Karaduman, Kaya’yı özür dilemeye davet etti.

Yıldırım Kaya, 11 Aralık’taki bütçe görüşmelerinde Milli Eğitim Bakanlığı’nın tarikat vakıflarıyla imzaladığı protokollere tepki göstererek, “Millî Eğitim Bakanlığı çocuklara tecavüzlerle anılan bu tarikatlarla, bu vakıflarla protokoller imzalıyor. Çocuklarımızı cemaat ve tarikatlara teslim edenlerden, mahkemelerin iptal etmesine rağmen ısrarla protokolü uygulamak isteyenlerden hesap soracağız” demişti.
Saadet Partili Abdulkadir Karaduman’sa TBMM kürsüsünde CHP’li Kaya’nın bu sözlerini hedef aldı ve ‘özür dilemesi gerektiğini’ savundu.
Kaya’nın sözlerini ‘toptancı’ bulan Karaduman, şunları söyledi:
*Ankara milletvekilimiz Sayın Yıldırım Kaya’nın sözlerinin bir kısmını hakikaten büyük bir üzüntüyle ve büyük bir hayretle takip ettim.
*İnancımıza, ahlakımıza insaf ve vicdana sığmayan menfur bir saldırı üzerinden toptancı bir yaklaşımla bütün cemaatleri, dernek ve vakıfları itham etmeye kalkışmak ne adaletle ne izanla ne de vicdanla açıklanabilir. Hele ki ülkemizde milyonlarca gencin millî ve manevi değerlerle yetişmesine öncülük etmiş olan Anadolu Gençlik Derneğimizi itham etmeye çalışmak da kimsenin hakkı ve kimsenin haddi değildir.
*Ben bu vesileyle Sayın Kaya’yı da bu yanlıştan dönmeye ve bu kürsüde milletin kürsüsünden özür dilemeye davet ediyorum.
Kaya’dan yanıt
Daha sonra yanıt vermek için kürsüye gelen Yıldırım Kaya Karaduman’ın elini sıktı.
Karaduman’a yanıt veren Kaya da şunları söyledi:
*Sanırım, konuşmayı ya ben iyi anlatamadım ya da kendileri dinlememiş. Ben hiçbir inancı, hiçbir kimliği, hiçbir düşünceyi asla aşağılamadım, aşağılamam ama burada çok açık ve net bir şekilde -Milli Eğitim Bakanlığıyla protokol yapan dernek ve vakıfların tamamına dönük eleştirel değil- bakana döndüm, dedim ki: ‘Bu protokolleri iptal et çünkü Millî Eğitim Bakanlığının 1 milyon 250 bin öğretmeni var, on binlerce çalışanı var; Millî Eğitim Bakanlığı kendi işini kendisi rahatlıkla yapabilir.’

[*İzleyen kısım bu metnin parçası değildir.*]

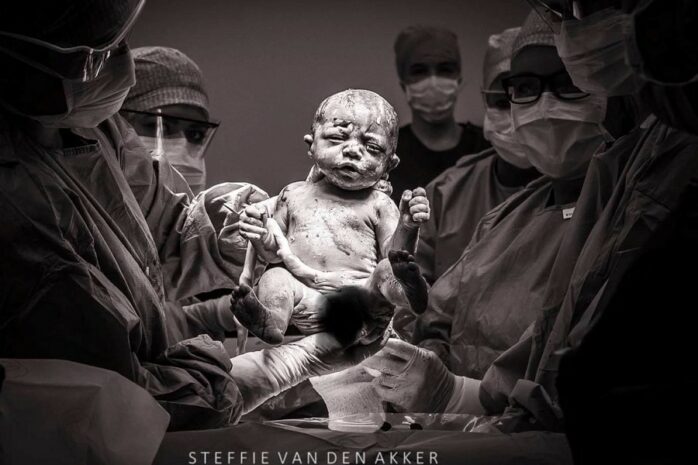 Baby wordt geboren met keizersnede en alle artsen staan eromheen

*Vakıfların, derneklerin siyasal düşüncesi beni ilgilendirmiyor ama beni ilgilendiren, Millî Eğitim Bakanlığı bütçesinin hiçbir derneğe, hiçbir vakfa peşkeş çekilmemesi gerekir.

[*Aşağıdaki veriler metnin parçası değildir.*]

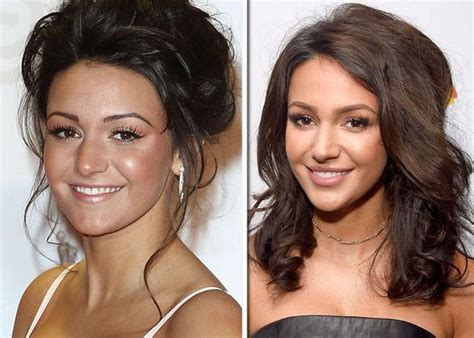 michelle keegan ears|Michelle Keegans comments on surgery after drastic。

*Buradan çok açık ve net şunu da söyleyeyim: Özellikle Anadolu Gençlik Derneğinin diğer derneklerle aynı özellikte olmadığının altını çiziyorum. Sözüm Anadolu Gençlik Derneği’ne değildir.

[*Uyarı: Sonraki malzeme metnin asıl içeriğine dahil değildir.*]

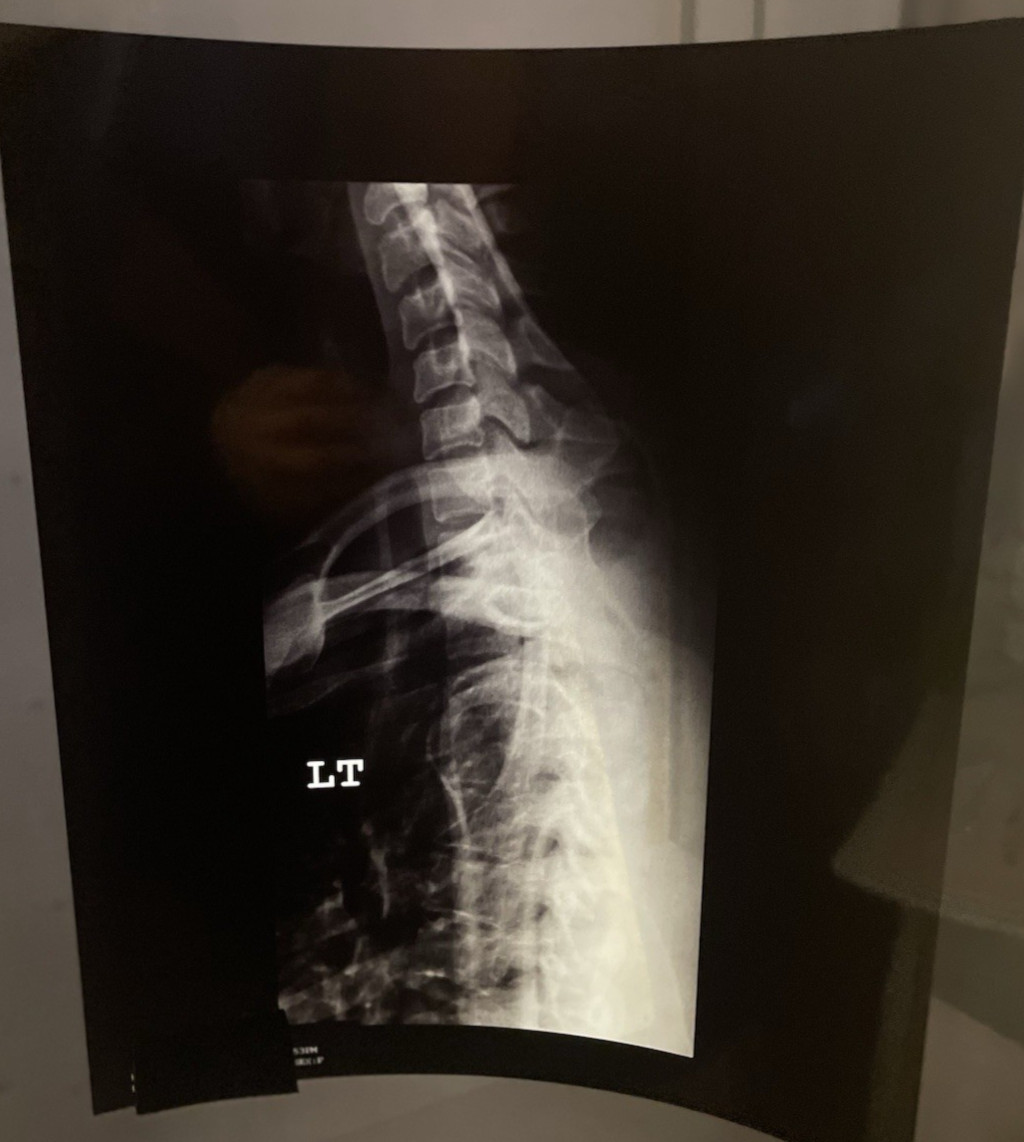 Medical X-Ray Film Student Education Physician Spine Spinal Neck Back 17" x 14"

*Sözüm Millî Eğitim Bakanlığı’nın imzaladığı protokolleredir, içerikle konuşmadım. Hiç kimse ama hiç kimse Müslümanların ibadetini ve inancını siyasetin malzemesi yapamaz, buna bugüne kadar izin vermedik, bundan sonra da asla izin vermeyeceğiz.